The events of Kane's Wrath start off in 2034, 13 years before the Tiberium Wars after which the original game is named. From there on, the missions bounce around from year to year, offering various glimpses of background story preceding the Tiberium Wars.
Unlike Tiberium Wars, Kane's Wrath does not offer the opportunity to play a campaign for the Global Defense Initiative or the alien Scrin. Rather, you are limited to a single campaign for the Brotherhood of Nod. Still, you can play as a variety of factions and subfactions in skirmish mode or multiplayer, so if you have mastered the skill of gathering and upgrading an army of Mammoth Tanks, your specialized knowledge won't totally go to waste.
While Kane's Wrath is mostly just a continuation of Tiberium Wars, it does offer a pretty good value for $30. In addition to the lengthy Nod campaign, you get 30 new multiplayer maps, a number of interesting subfactions, and a new, turn-based, Global Conquest minigame.
There is no tutorial, as the designers assume you remember how to play from Tiberium Wars. If you haven't played the original in a while, you may wish to play thorough its tutorial again to jog your memory about the gameplay mechanics.
As in Tiberium Wars, Kane's Wrath will have you fighting for control of tiberium, a self-replicating alien substance that has rendered large segments of Earth uninhabitable. While the substance is deadly to unprotected humans, both factions can harvest tiberium and convert it into energy or building supplies. One of your first structures will be a tiberium processing plant that converts the material into money that can be used to build units, buildings and more structures.
The gameplay, with the exception of the Global Conquest Mode, is unchanged. Essentially, you begin with a construction unit, which you use to construct a base. You furnish your base with a refinery or two to start harvesting tiberium, some power generators, and a variety of buildings that churn out infantry, vehicles, or special upgrades and abilities. The goal is usually to destroy the other side's base and units while simultaneously protecting your own. Some of the missions in Kane's Wrath put you in control of a small group of units without making you go through the base-building motions. The goal in these levels is usually to just survive.
The most significant new content is the variety of new vehicles at your disposal. While not much has changed from the GDI, Nod and Scrin arsenal, playing as one of the subfactions gives you the opportunity to try out new goodies, like the flamethrowing "Purifier" combat mech. Do not expect any significant differences in gameplay or strategy, however. For the most part, the subfactions are just slight variations of their base counterparts.
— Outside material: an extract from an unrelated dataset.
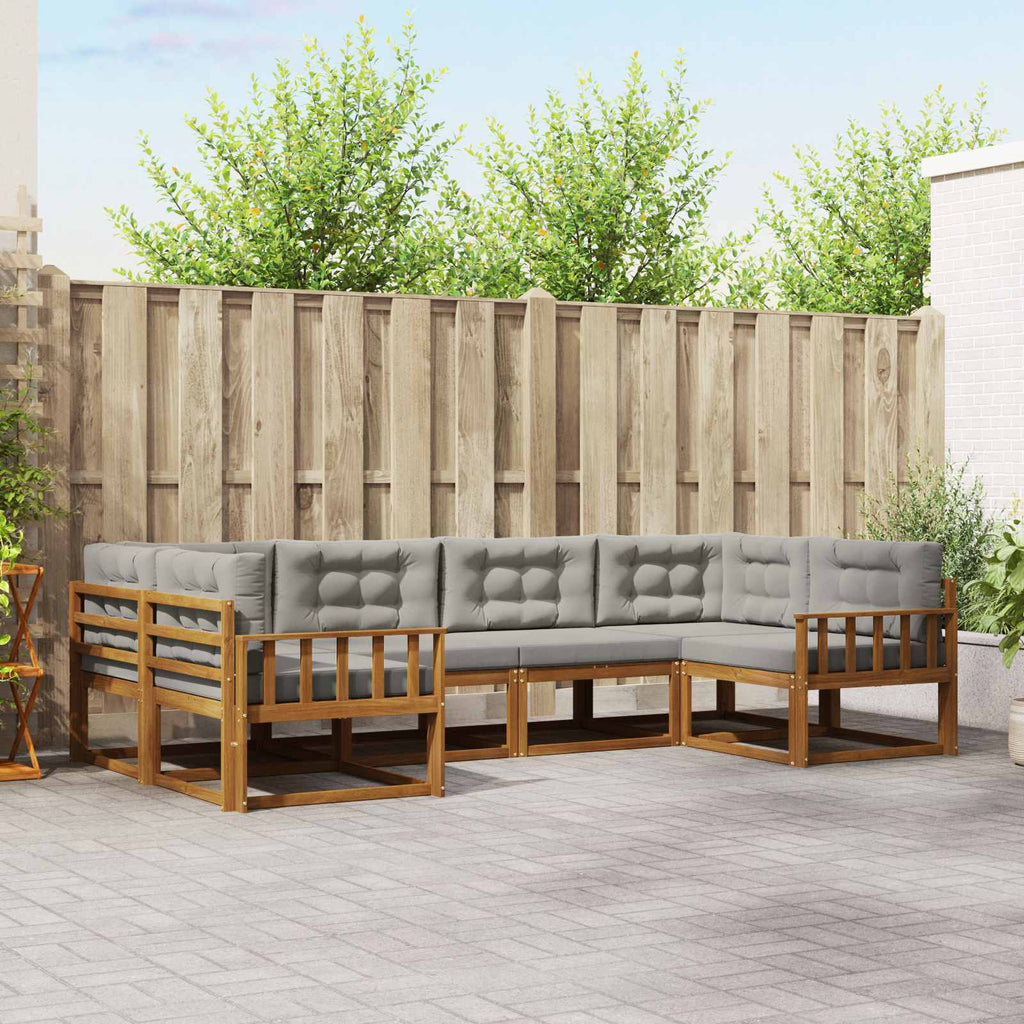 Outdoor-Sofagarnitur mit Kissen 6 pcs Natürlich und Hellgrau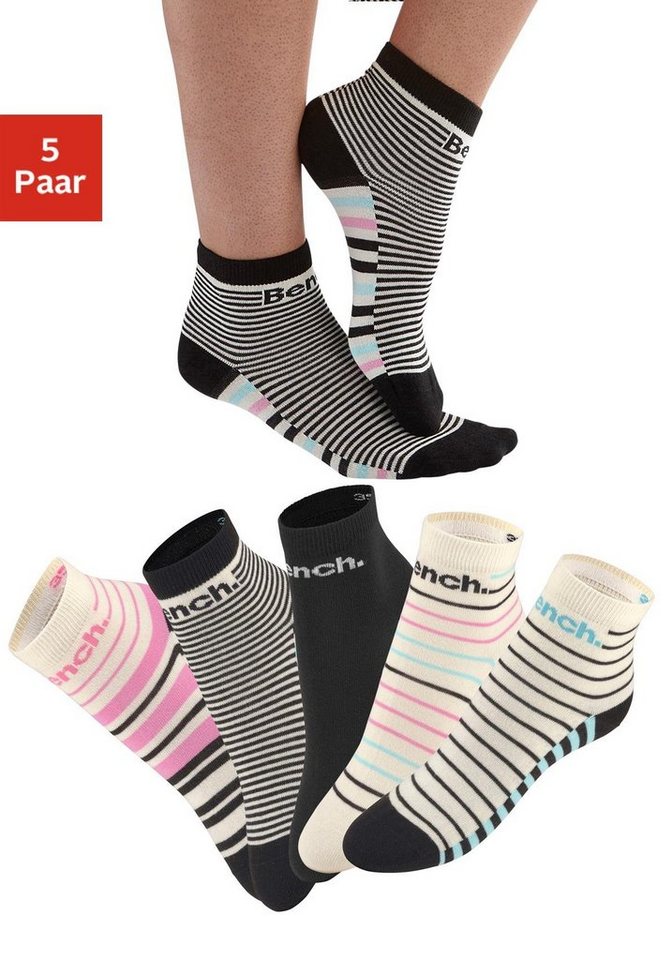 Bench. Kurzsocken (Set, 5-Paar) im Streifendesign von Bench.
Strategy essentially boils down to getting across the battlefield "firstest with the mostest." You don't need to spend a lot of time thinking about the strengths and weaknesses of the units at your disposal. If you simply churn out as many as possible of your most powerful unit, you can usually steamroll your enemy. In Kane's Wrath, most of the fun lies in obliterating a grossly outmatched opponent. Do not look to this RTS title for intellectual satisfaction.
At times, the single-player campaign can be enormously frustrating. As you complete primary objectives, new objectives often come into play. Because you won't know what the new objective is going to be until after you complete the first objective, you can find yourself woefully unprepared to tackle it if you've suffered large losses in the course of completing what you thought was the main goal.
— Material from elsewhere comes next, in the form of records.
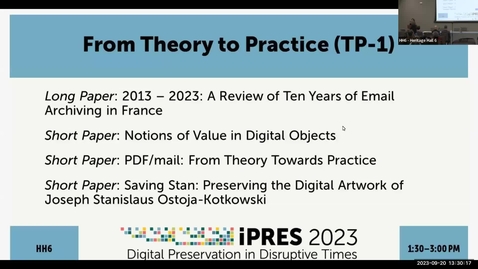 Thumbnail for entry From Theory to Practice part 1 - iPRES HH6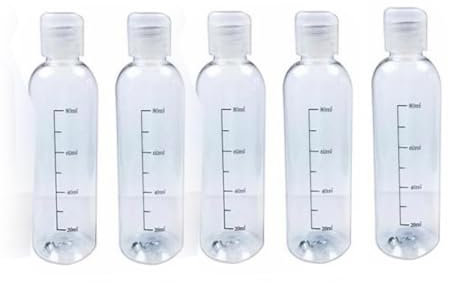 Flacon Voyage Avion Transparent avec Flip Cap 100ml, 5 Rechargeable Bouteille pour Cosmétique, Accessoires Contenant Flacon Vide pour Lotion,Shampoing,Gel Douche,crème Solaire,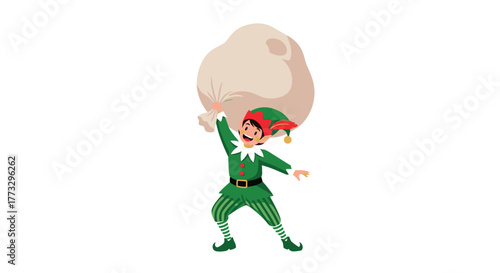A happy Christmas elf, dressed in festive green clothing, cheerfully carries a large, overflowing sack of holiday gifts over his shoulder, ready for delivery.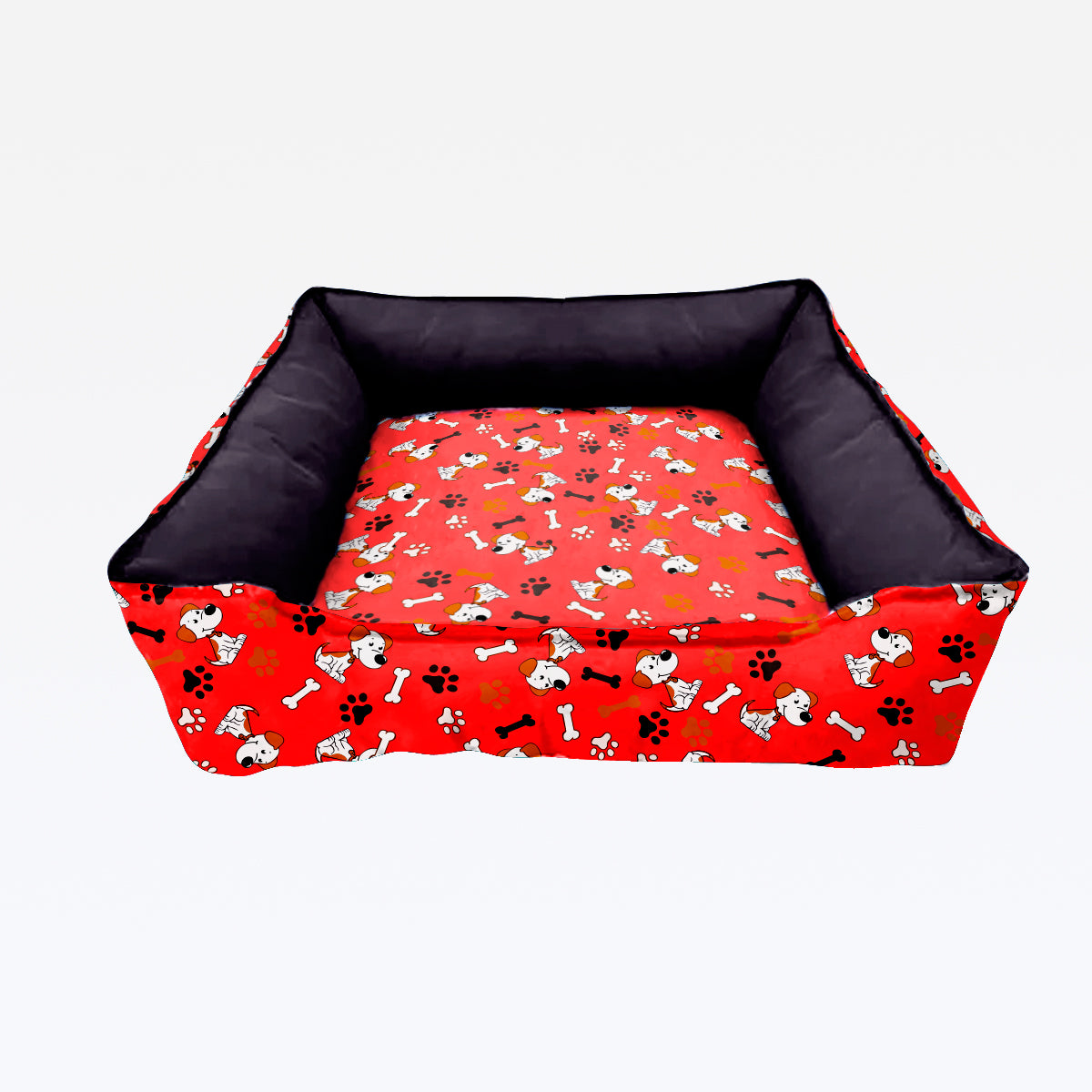 Cama Luxo Quadrada com Ziper - Vermelho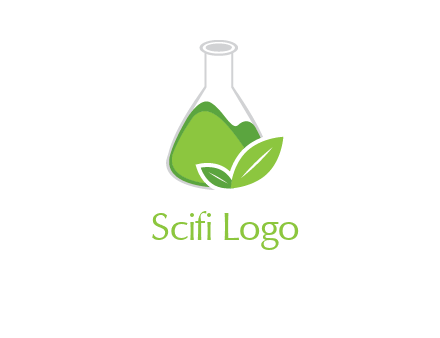 chemical flask and leaf pharmacy logo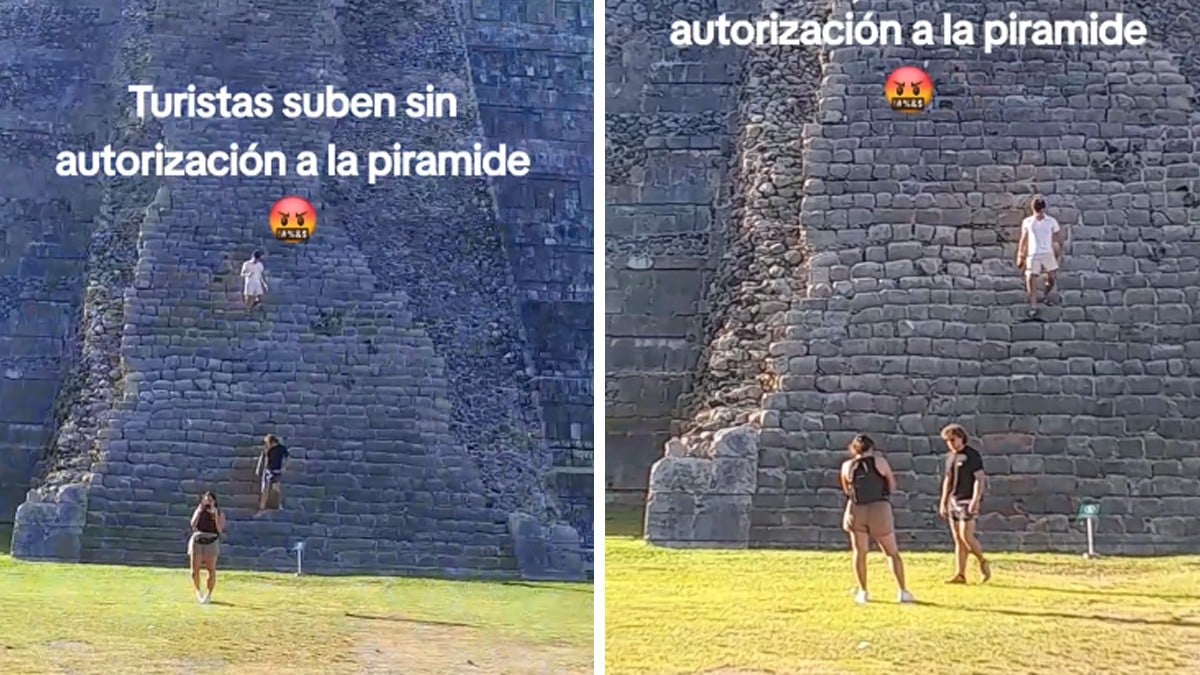VIDEO ¡Oootra vez! Turistas se suben a pirámide en Chichén Itzá pese a que está prohibido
One particular mission comes to mind. I spent close to 90 minutes building my base, fortifying my defenses, gathering tiberium, and building a huge army that I thought would be powerful enough to overpower the enemy and take control of his base. Experienced gamers (smart ones, anyway) know that this would be the time to save the game. I did not save the game, as I was confident I had just enough of an offensive force to take control of the target building. Big mistake.
An enormous battle ensued, and yes, I was victorious and assumed control of the base. Heavy losses were suffered in the process. As soon as my few remaining units captured the building, I learned that I had only completed "phase one." The announcer declared my new goal was to defend the building against an enemy onslaught! Suddenly, GDI forces rushed the building with a force several times larger than my tiny group of survivors. I was crushed in seconds, and my huge time investment was completely wasted. So save your game.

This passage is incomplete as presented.